Siapa pun setuju, proses pemilihan Presiden Amerika sangat atraktif dan ideal, menjadi panggung .hiburan bagi dunia. Tapi berapa banyak sudah dollar yang dihabiskan para nominator calon presiden Barack Obama, Hillary Clinton, mau pun John McCain, selama satu tahun ini. Padahal pemilihan yang sesungguhnya baru November 2008, masih 7 bulan lagi.
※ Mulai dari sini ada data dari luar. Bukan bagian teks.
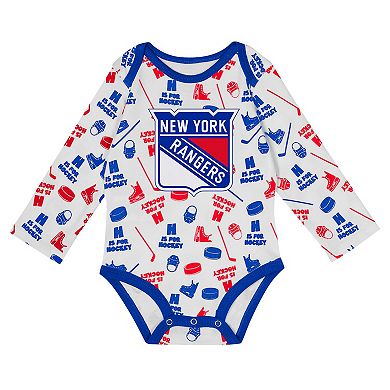 Infant White New York Rangers Quick Learner Long Sleeve Bodysuit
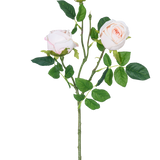 De Kunstrozentak Real Touch roze 72cm heeft een enkele stengel met twee lichtroze rozenbloesems, een rozenknop en groene bladeren, geïsoleerd op een witte achtergrond.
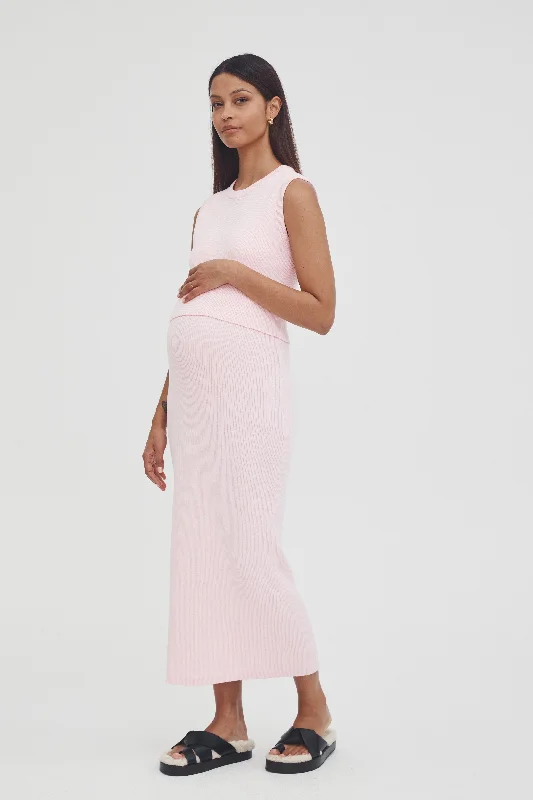 Catalina Knit Skirt (Rose) leather skirt sleek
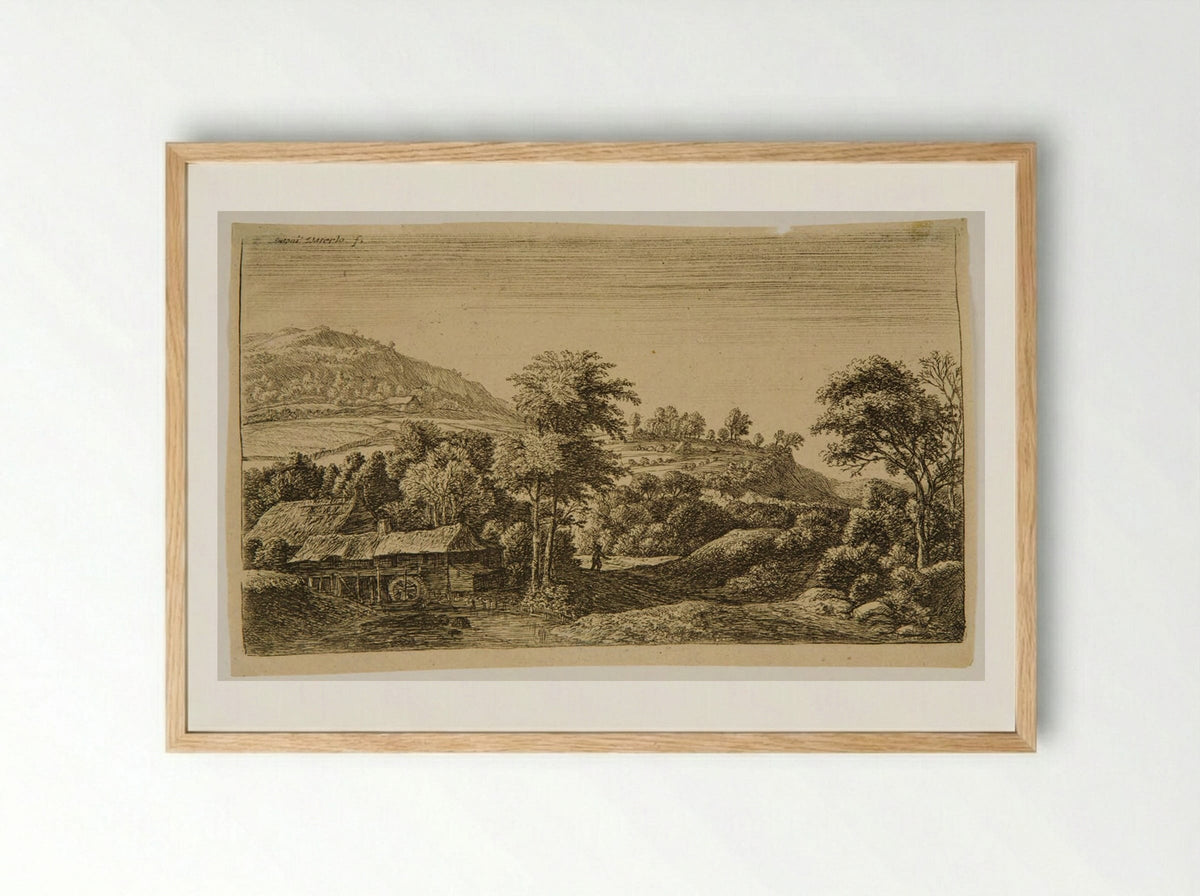 Water Mill at the Foot of a Mountain - Anthonie Waterloo - Framed Print Wood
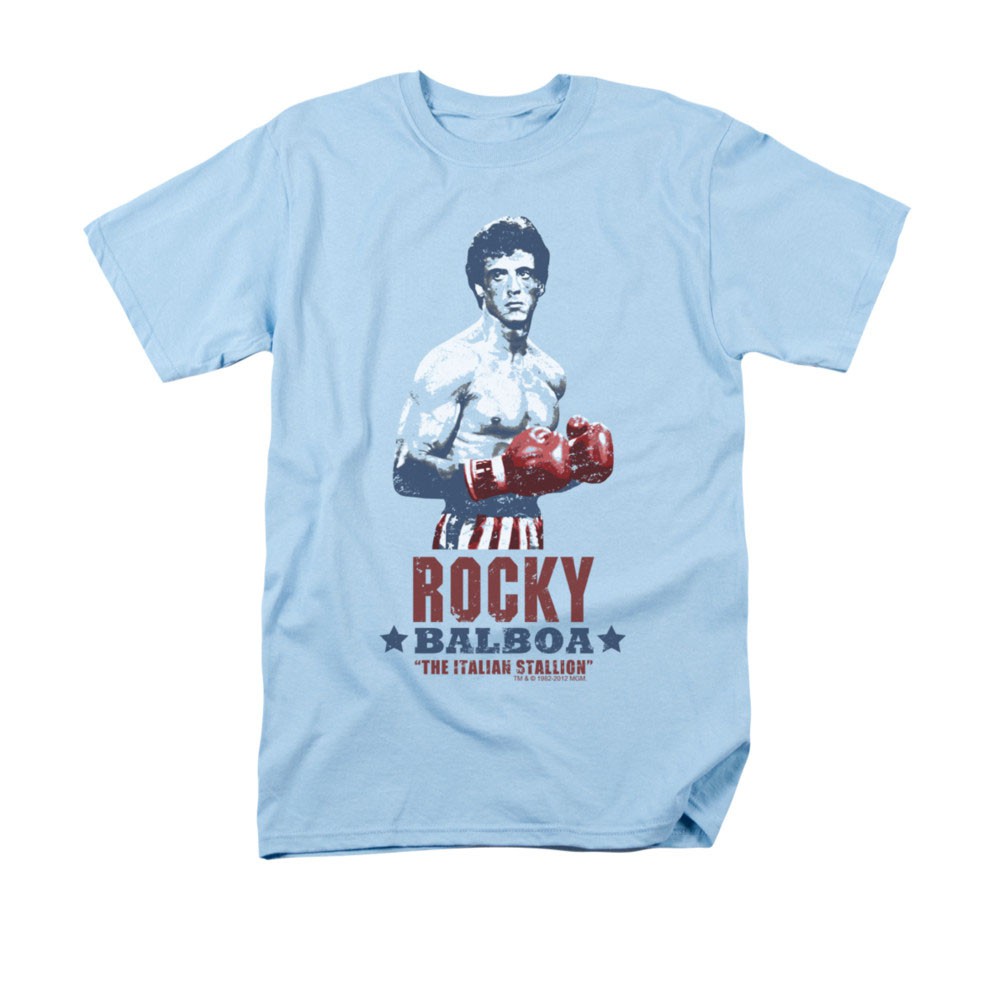 Rocky Balboa Stars Blue Tee Shirt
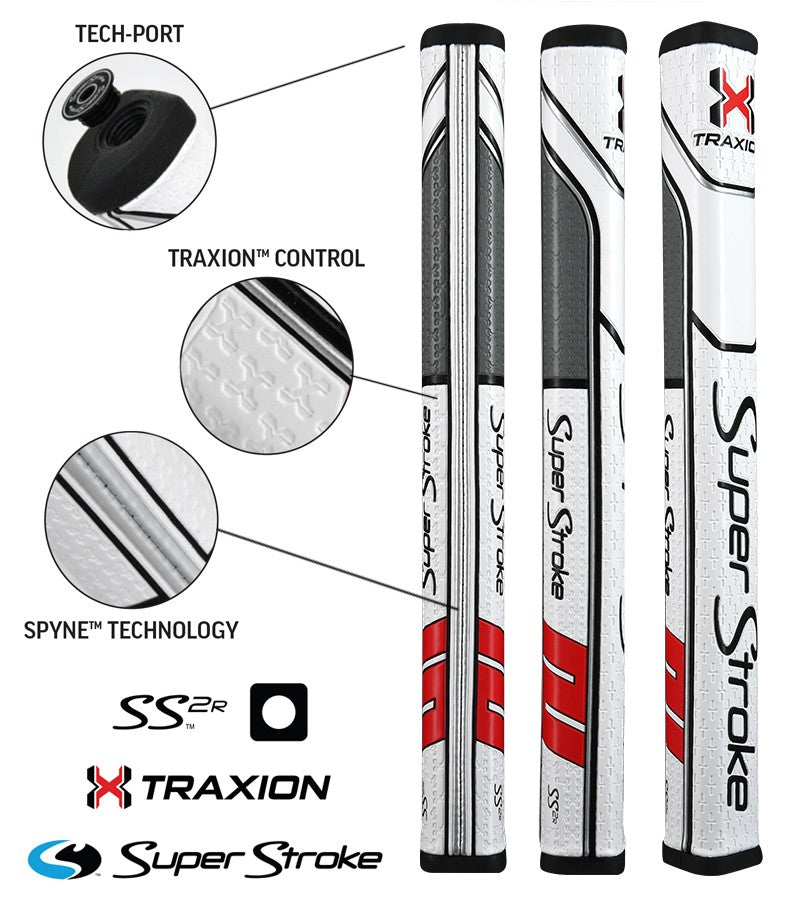 TRAXION Square Putter Grip White / Red / Grey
Semua biaya itu bisa diongkosi rakyatnya karena pendapatan perkapita Amerika Serikat 50.000 dollar. Jelas tak bisa dibandingkan dengan Indonesia yang hanya 1000 dollar lebih sedikit. Sebagai pengumpul dana kampanye terbesar, misalnya, sampai akhir Maret lalu, Senator Barack Obama telah memperoleh 234 juta dollar atau Rp 2,1 trilyun. Dalam bulan Maret saja Obama mendapat dana lebih 40 juta dollar, dengan 218.000 penyumbang baru.
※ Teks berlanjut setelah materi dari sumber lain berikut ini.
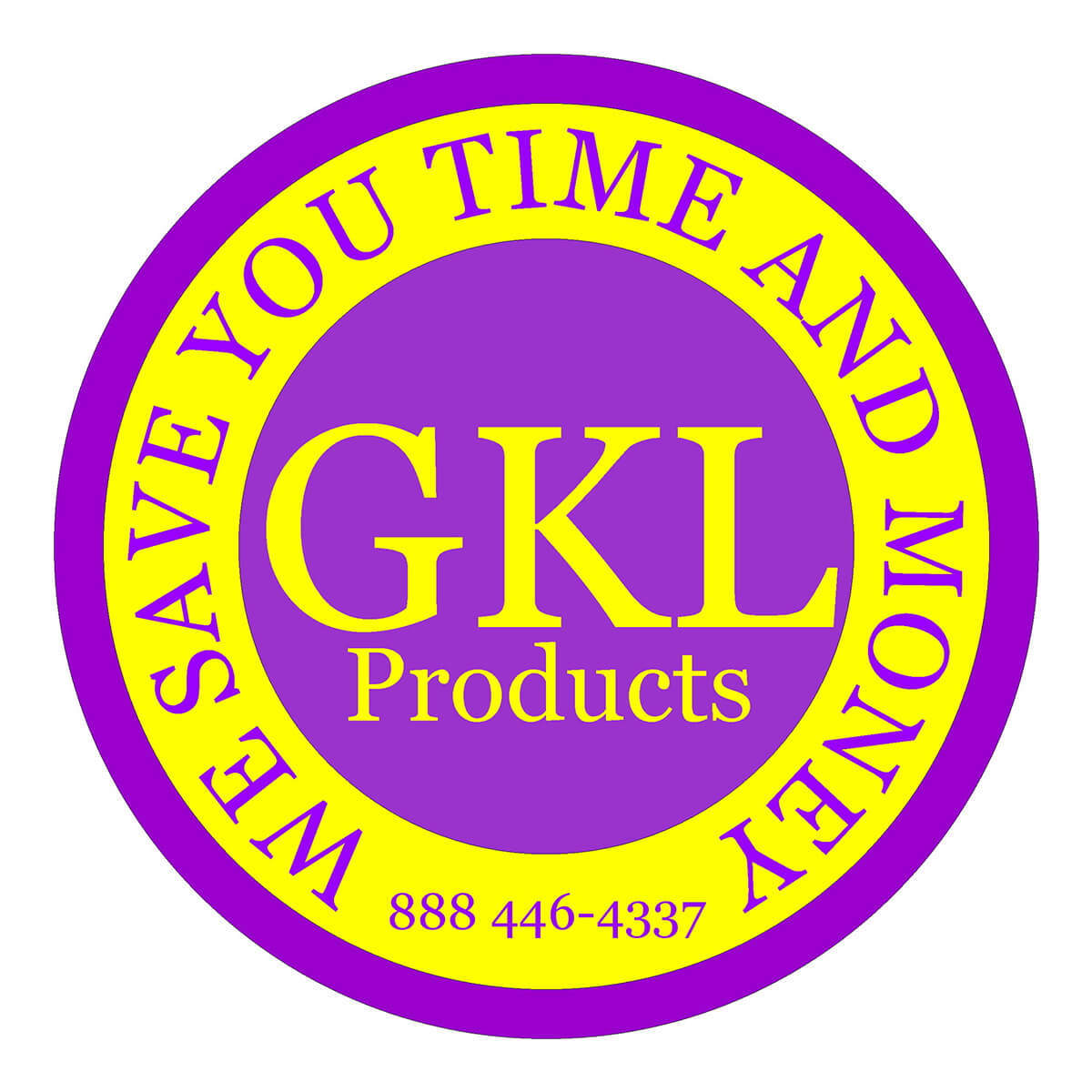 GKL Products logo with contact number displayed.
Jumlah fantastis itu tak sulit dihimpun, karena Obama memiliki 1,3 juta penyumbang. Berarti, tiap donator rata-rata tak sampai 200 dollar atau Rp 1,8 juta, masih jauh dari batas maksimal sumbangan perorangan yang diperbolehkan undang-undang, 2300 dollar (sekitar Rp 20 juta). Jumlah itu tentu tak memberatkan bagi para Obamania, termasuk untuk membiayai kampanye pemilihan presiden nanti yang jumlahnya pasti lebih besar, bila Obama lolos ke babak final.
Dana kampanye Hillary Clinton memang kalah dari Obama. Begitu pun sampai sekarang ia sudah memperoleh 175 juta dollar atau hampir Rp 1,6 trilyun. Lihatlah konser musik penyanyi Inggris Elton John, untuk mengumpulkan dana bagi Hillary, di Radio City Music Hall, New York, 9 April lalu. Malam itu saja dari penjualan tiket terkumpul 2,5 juta dollar (Rp 22,5 milyar).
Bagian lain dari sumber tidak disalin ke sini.